Normally, I wait until there is several inches of snow on the ground and that driveway is nice and icy before I put the ladder up, defy death, and perch myself on the shingles of my roof for a hair of traction to keep me from plummeting to my broken-limbed demise. This year, God was good and gave me a sunny, 33-degree day with a dry driveway.

Here's the deal: I am absolutely terrified of heights. The measurement from my driveway to the peak of my garage is 20 feet. To the eaves-trough along the front of my house? a whopping fifteen feet. But understand, folks, 15 feet might as well be a one thousand-foot cliff. I have a high-quality ladder that is a sturdy as the frame of a skyscraper, placed firmly on level ground, and I am still terrified.

How did I ever survive the Marines? Willpower and teamwork. When we had to rappel down towers or out of helicopters? I asked the Marine behind me to push me hard enough that I had no choice but to go. Mountain warfsare training? I looke UP the whole time, and knew I couldn't go back down because there were people right behind me. Parachuting? Again, I turned around and screamed "KICK MY PACK HARD!" And kick they would, sadistic motherfuckers. That's how I survived: I was forced to.

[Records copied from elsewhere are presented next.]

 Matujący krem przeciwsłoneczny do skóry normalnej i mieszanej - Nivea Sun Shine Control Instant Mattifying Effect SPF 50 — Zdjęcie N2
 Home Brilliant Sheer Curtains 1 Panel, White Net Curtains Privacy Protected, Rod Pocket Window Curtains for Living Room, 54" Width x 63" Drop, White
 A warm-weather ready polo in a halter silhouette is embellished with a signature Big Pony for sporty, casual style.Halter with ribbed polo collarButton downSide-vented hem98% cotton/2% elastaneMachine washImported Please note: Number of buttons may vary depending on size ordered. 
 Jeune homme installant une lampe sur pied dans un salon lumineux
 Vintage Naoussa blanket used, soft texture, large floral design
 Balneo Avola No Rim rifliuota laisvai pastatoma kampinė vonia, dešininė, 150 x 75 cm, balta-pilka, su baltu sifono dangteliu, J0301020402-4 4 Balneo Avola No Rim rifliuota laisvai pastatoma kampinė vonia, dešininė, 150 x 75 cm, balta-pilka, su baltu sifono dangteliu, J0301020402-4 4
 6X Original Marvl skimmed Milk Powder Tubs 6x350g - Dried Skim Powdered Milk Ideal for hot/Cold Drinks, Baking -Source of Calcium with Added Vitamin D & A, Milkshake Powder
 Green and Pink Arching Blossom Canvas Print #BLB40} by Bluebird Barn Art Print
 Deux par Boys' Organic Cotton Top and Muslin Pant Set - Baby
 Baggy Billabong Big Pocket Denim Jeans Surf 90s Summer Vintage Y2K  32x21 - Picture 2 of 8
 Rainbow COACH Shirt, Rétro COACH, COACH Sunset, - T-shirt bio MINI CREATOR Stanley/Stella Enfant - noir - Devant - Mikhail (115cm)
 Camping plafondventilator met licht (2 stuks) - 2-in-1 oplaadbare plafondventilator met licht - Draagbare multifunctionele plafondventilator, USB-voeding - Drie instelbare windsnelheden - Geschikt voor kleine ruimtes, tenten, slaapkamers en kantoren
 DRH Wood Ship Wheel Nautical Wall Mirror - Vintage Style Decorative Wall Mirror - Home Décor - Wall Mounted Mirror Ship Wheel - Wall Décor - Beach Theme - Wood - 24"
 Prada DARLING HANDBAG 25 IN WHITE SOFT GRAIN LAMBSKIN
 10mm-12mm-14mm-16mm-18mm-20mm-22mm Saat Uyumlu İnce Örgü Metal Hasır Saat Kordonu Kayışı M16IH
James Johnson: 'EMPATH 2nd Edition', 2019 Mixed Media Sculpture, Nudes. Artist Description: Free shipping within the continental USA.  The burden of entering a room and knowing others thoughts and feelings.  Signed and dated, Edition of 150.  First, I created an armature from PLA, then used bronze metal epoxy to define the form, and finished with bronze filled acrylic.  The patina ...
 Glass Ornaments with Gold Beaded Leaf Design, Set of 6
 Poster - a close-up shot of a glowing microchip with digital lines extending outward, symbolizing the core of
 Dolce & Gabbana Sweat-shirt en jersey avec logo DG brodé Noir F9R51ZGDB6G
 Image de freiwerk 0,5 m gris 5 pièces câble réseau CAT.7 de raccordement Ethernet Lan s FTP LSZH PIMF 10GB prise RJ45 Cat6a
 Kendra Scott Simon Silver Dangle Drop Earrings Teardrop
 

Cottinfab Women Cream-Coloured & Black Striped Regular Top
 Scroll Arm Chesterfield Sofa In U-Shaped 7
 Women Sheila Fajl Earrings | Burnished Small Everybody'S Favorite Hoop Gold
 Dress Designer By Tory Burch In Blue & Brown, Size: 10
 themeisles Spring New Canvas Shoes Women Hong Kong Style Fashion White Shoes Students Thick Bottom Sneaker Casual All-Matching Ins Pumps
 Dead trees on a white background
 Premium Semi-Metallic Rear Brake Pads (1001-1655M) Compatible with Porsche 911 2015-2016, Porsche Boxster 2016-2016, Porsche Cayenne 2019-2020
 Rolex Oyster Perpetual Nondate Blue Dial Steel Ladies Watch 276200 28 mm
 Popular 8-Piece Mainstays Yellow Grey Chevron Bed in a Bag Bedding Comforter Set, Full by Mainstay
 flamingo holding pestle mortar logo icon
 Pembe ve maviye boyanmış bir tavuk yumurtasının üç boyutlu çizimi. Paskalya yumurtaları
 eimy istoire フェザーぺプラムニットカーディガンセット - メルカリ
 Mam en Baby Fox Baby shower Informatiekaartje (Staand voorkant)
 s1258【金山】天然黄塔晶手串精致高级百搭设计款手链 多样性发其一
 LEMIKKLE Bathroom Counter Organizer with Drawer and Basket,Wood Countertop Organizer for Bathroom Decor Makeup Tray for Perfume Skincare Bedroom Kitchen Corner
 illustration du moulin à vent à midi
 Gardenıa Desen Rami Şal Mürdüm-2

So every year since our marriage, the weekend of Thanksgiving, I swallow my fear, stare-down my ladder, and just go. It is important to my wife, and now it's important to my kid(s) too, to have lights on the house. If it's important to them, then far be it for me to let a little debilitating fear get in the way.

I grasp the string of lights in my teeth. I fill my pockets with the little plastic light-holders. I slow my breathing. And rung-by-rung, I climb my mountain. I hug the ladder, I stick a light holder on the string of lights, I hold the ladder with one hand in a death grip, and lean, just a bit, to stick the holder under a shingle on clip it onto the eaves. Repeat, repeat. Descend from my sheer cliff face over sharp rocks and sharks below, move the ladder a few feet, and start over. 5 strings of lights takes me an hour, but it gets done, a step at a time. Shaking, nervous, sweating, swearing, panting, straining, it gets done. It's important to my family.

And then I have a high-gravity beer.